• [About this exercise]: The task requires repeating, word for word, the lines from the one with "تقدیر دکتر فاضل" through the end of the material, leaving out all pictures.
[[ Source records open ]]
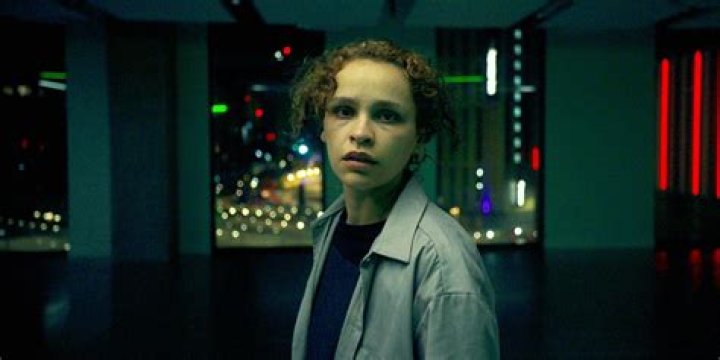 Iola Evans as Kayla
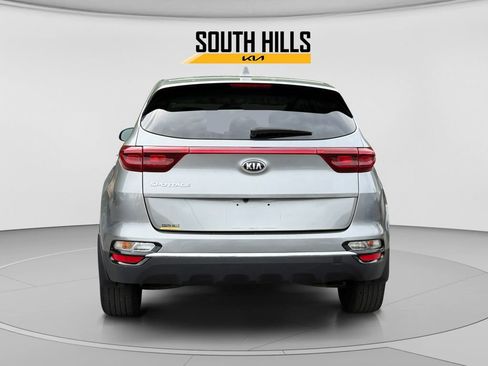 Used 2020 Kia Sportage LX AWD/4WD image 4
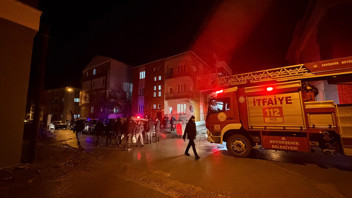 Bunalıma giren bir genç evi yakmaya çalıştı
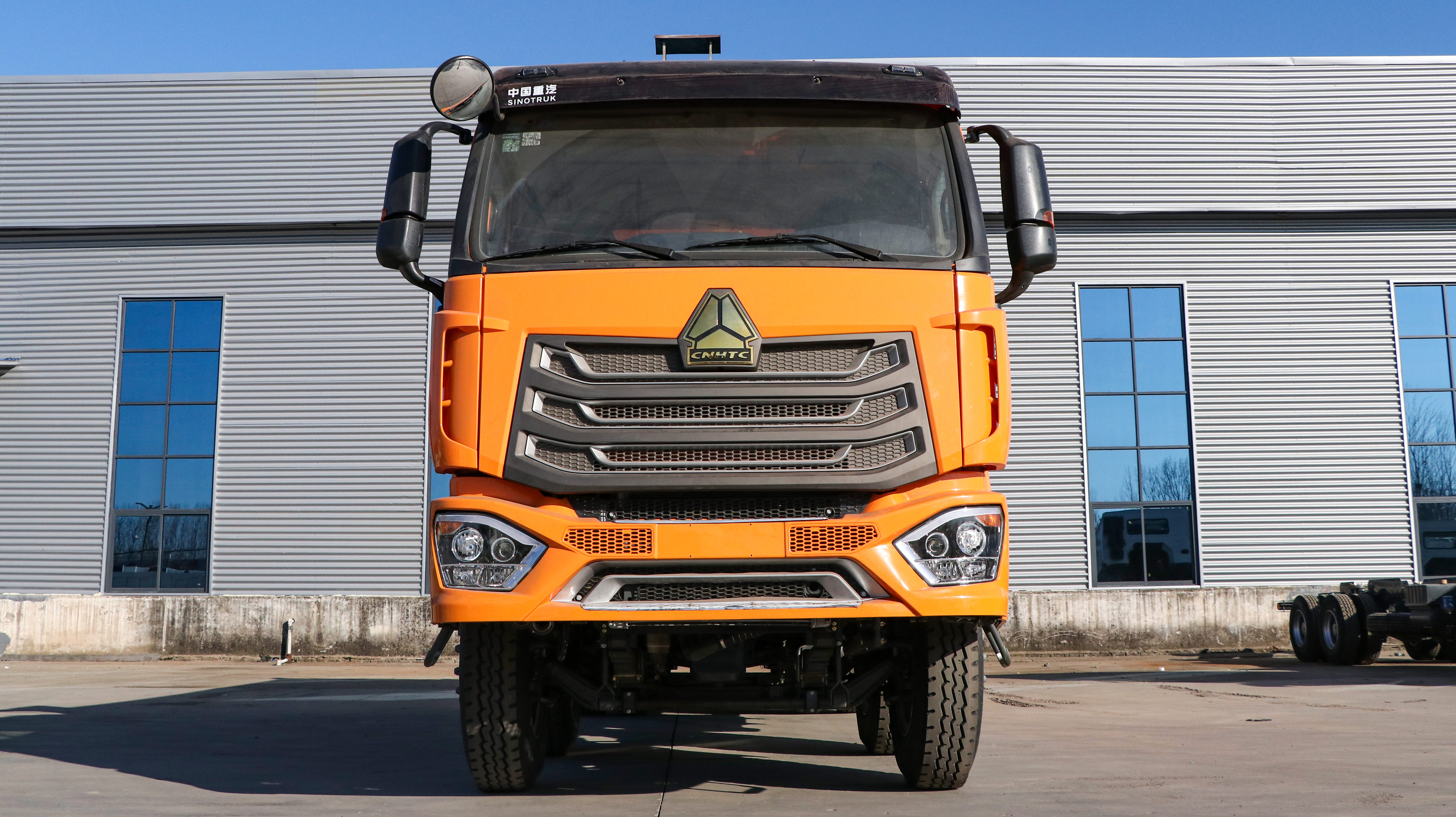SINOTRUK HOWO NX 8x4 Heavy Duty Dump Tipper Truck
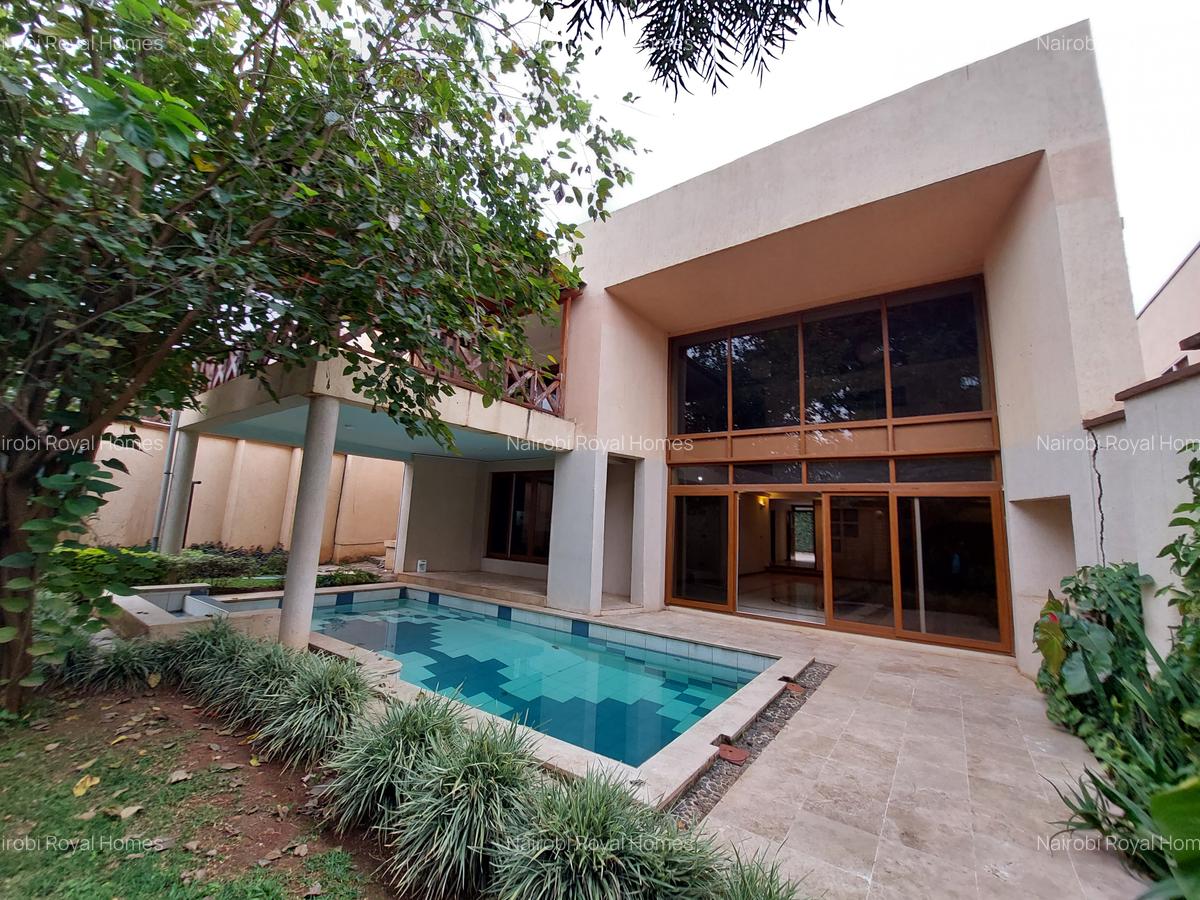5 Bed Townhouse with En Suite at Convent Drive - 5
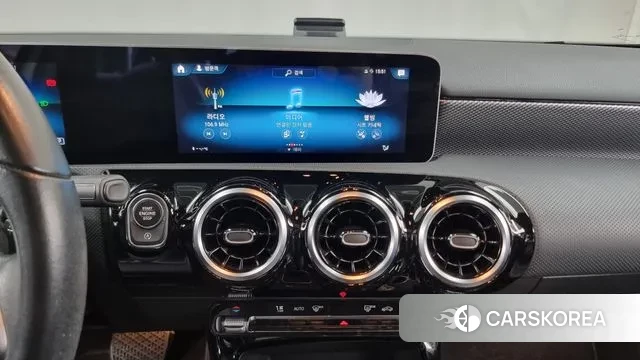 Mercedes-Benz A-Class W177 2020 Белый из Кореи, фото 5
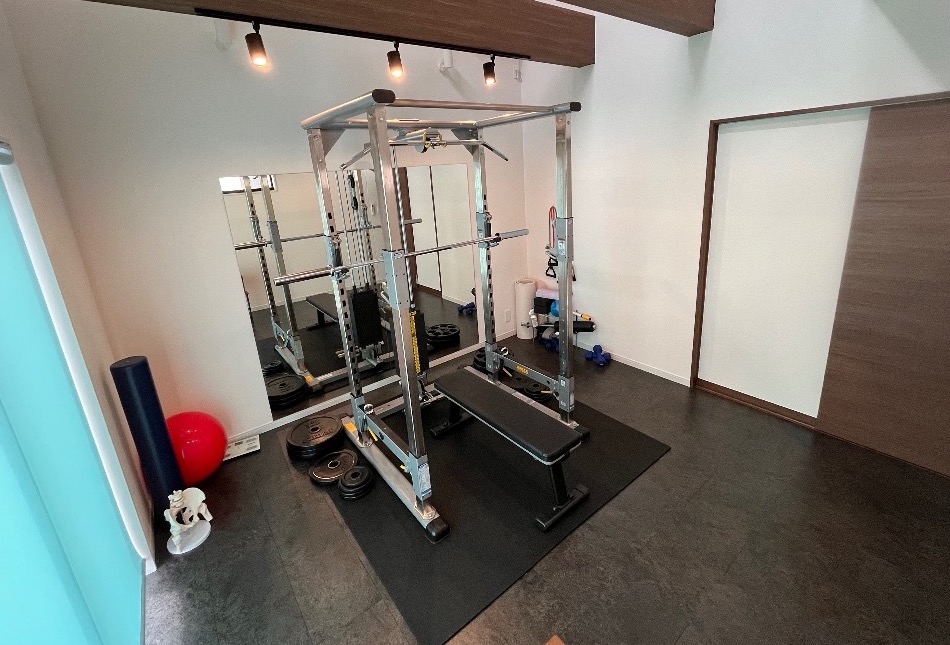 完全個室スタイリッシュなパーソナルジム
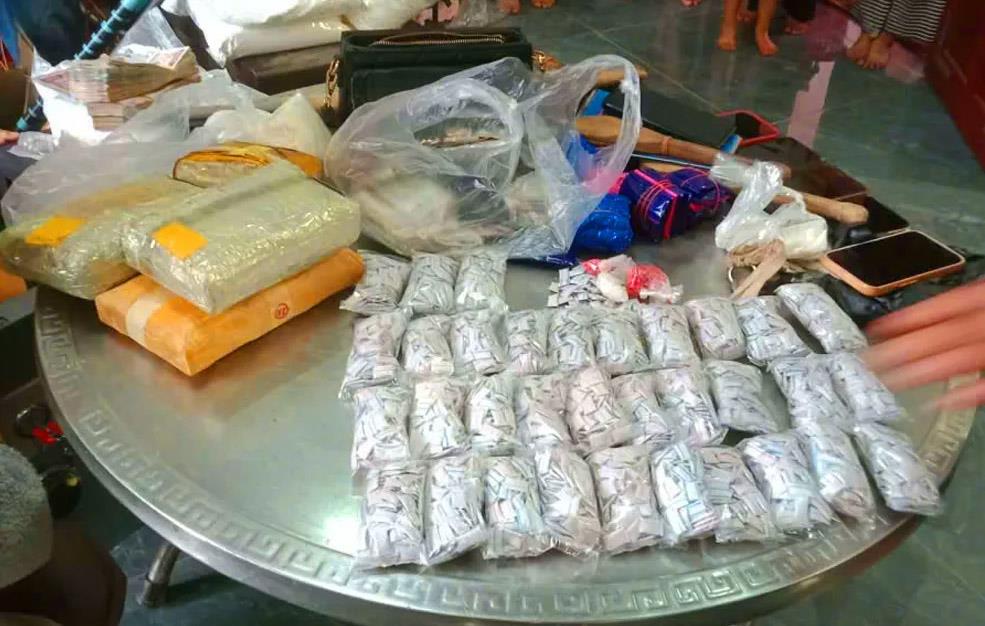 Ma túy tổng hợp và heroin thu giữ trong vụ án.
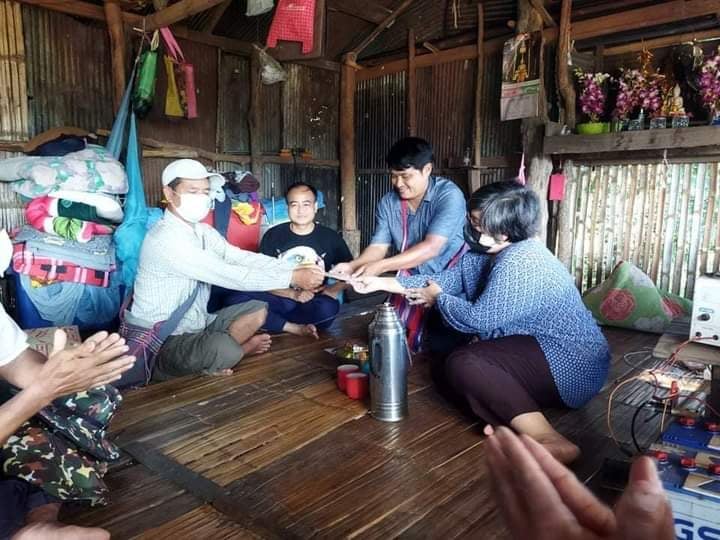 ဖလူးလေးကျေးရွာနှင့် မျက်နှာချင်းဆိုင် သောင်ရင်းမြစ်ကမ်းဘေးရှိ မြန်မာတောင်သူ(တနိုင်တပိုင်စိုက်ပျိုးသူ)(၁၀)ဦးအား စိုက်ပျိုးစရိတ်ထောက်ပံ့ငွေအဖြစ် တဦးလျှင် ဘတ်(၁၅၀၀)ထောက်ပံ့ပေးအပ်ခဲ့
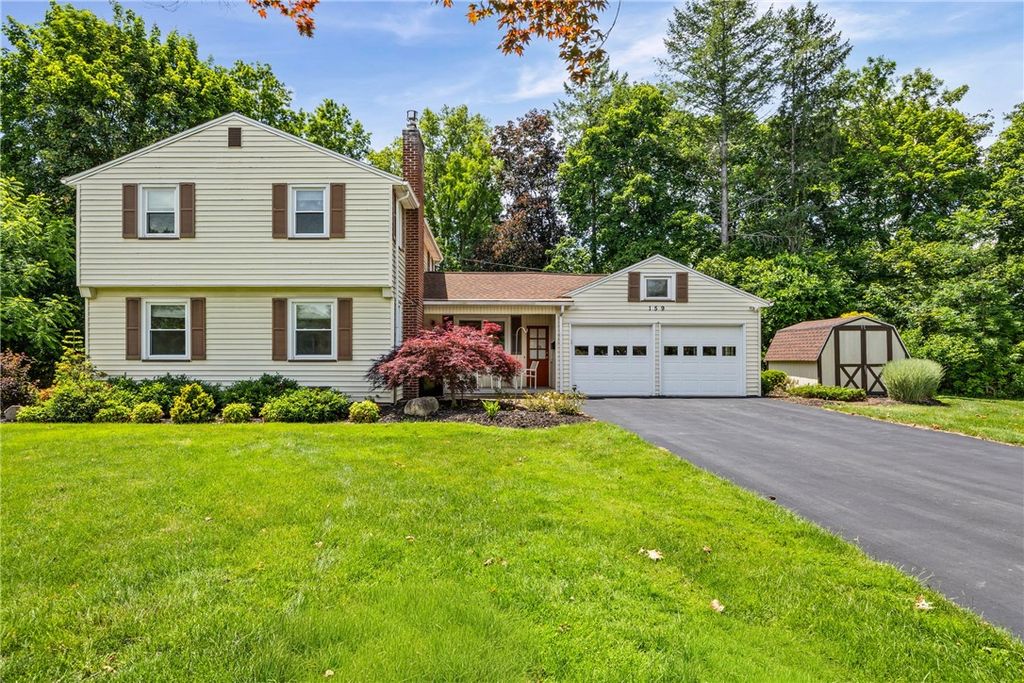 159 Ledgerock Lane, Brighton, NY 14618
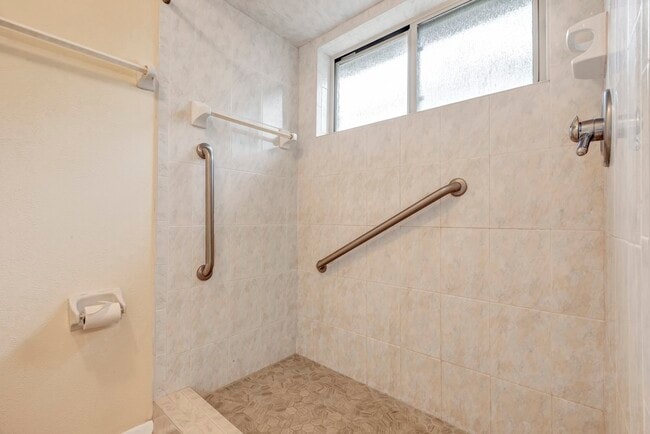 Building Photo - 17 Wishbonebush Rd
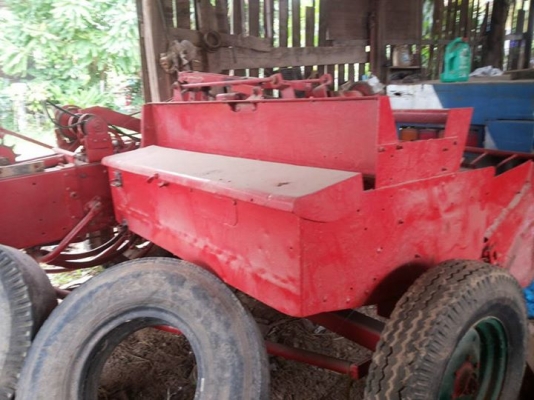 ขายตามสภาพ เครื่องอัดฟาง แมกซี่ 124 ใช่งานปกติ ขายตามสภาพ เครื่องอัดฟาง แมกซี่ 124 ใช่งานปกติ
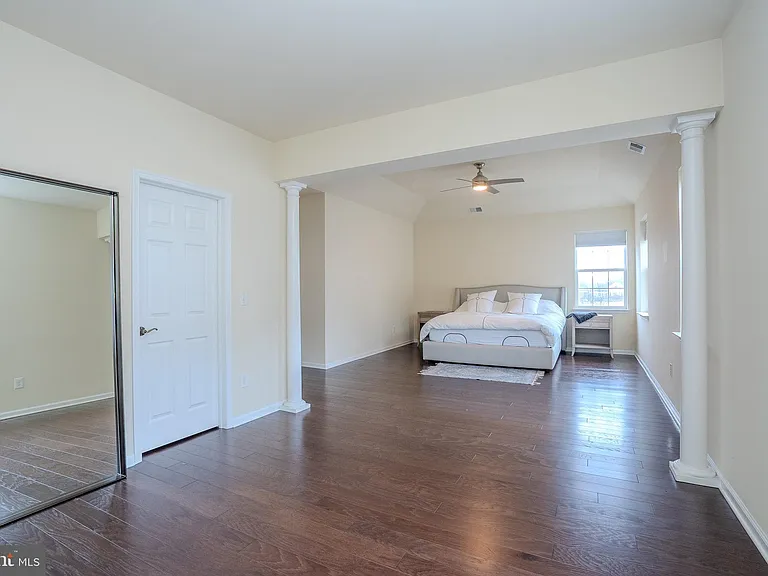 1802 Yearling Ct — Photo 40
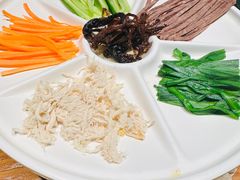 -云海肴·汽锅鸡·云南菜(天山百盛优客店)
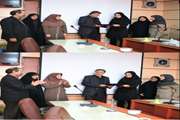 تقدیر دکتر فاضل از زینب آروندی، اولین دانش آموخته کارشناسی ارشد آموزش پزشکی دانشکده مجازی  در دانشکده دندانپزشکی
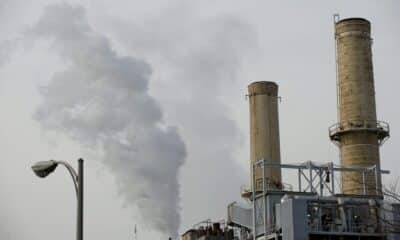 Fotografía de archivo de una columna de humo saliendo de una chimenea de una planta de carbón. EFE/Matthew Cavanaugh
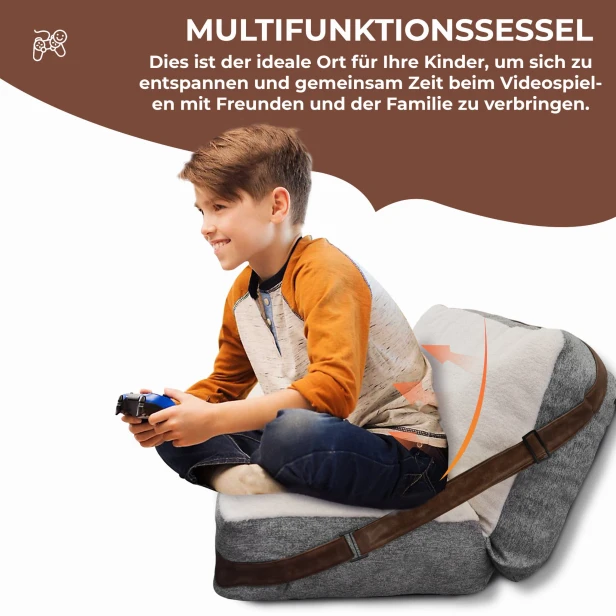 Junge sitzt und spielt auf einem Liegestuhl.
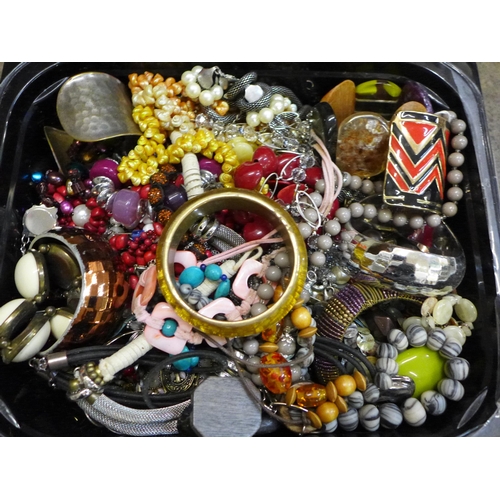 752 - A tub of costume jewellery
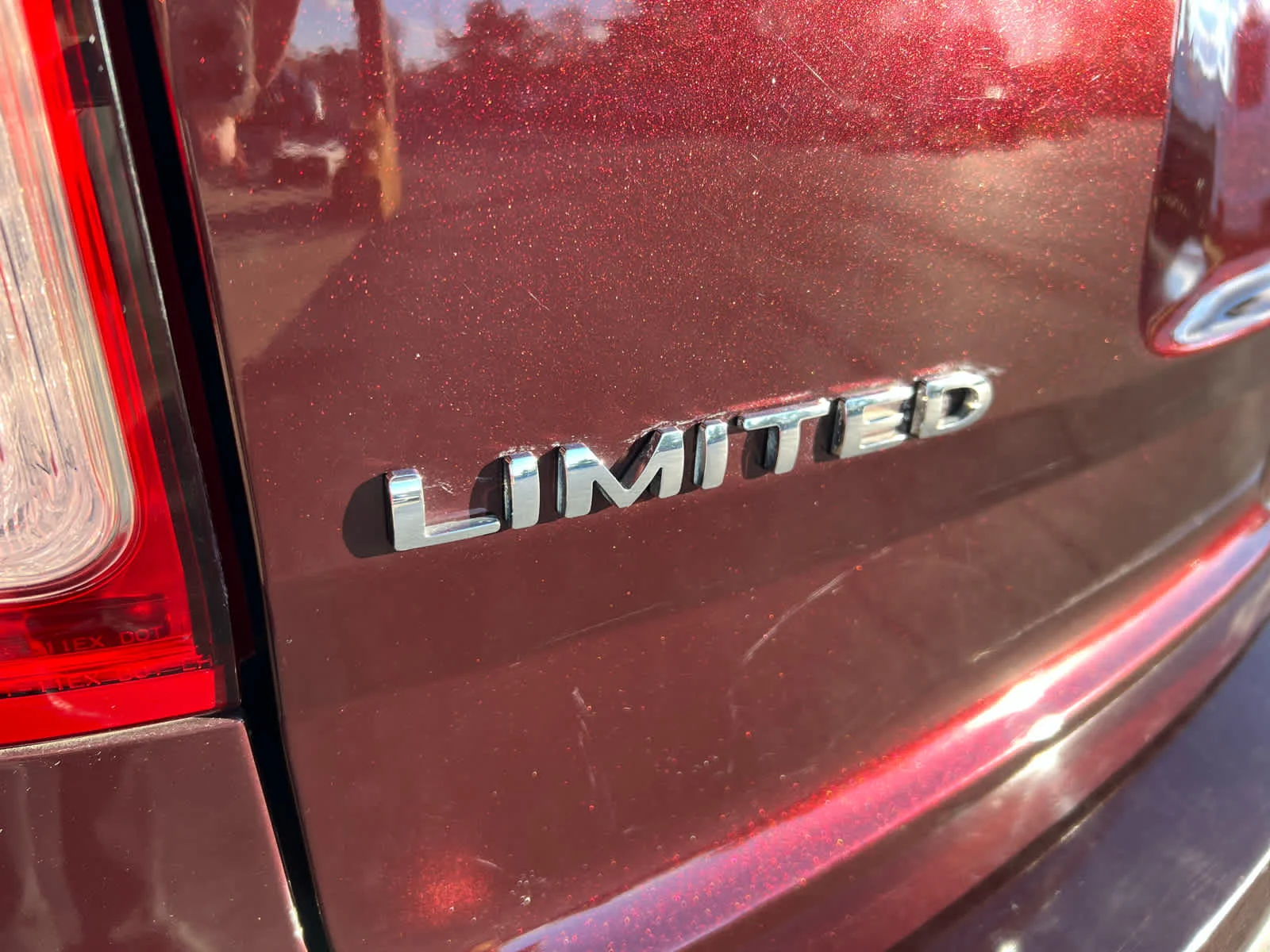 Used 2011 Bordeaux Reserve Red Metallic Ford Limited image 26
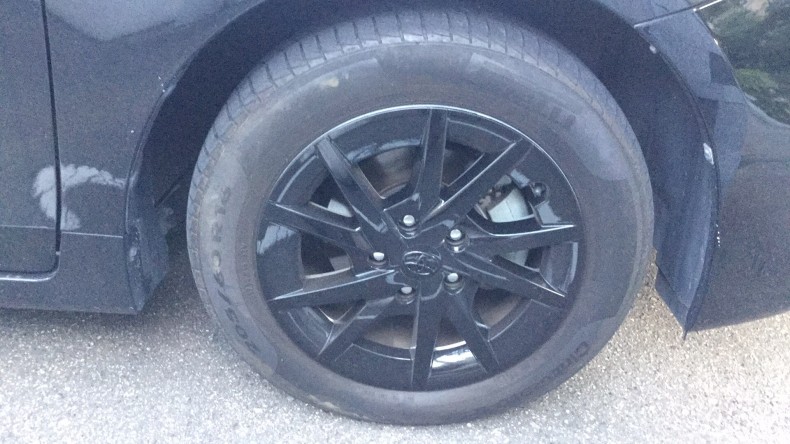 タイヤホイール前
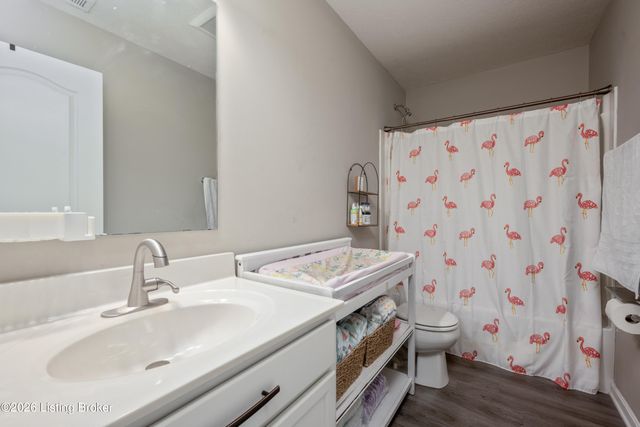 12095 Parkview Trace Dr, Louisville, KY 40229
[[ Source records closed ]]
• [Output below]:
 تقدیر دکتر فاضل از زینب آروندی، اولین دانش آموخته کارشناسی ارشد آموزش پزشکی دانشکده مجازی  در دانشکده دندانپزشکی
 Fotografía de archivo de una columna de humo saliendo de una chimenea de una planta de carbón. EFE/Matthew Cavanaugh
 Junge sitzt und spielt auf einem Liegestuhl.
 752 - A tub of costume jewellery
 Used 2011 Bordeaux Reserve Red Metallic Ford Limited image 26
 タイヤホイール前
 12095 Parkview Trace Dr, Louisville, KY 40229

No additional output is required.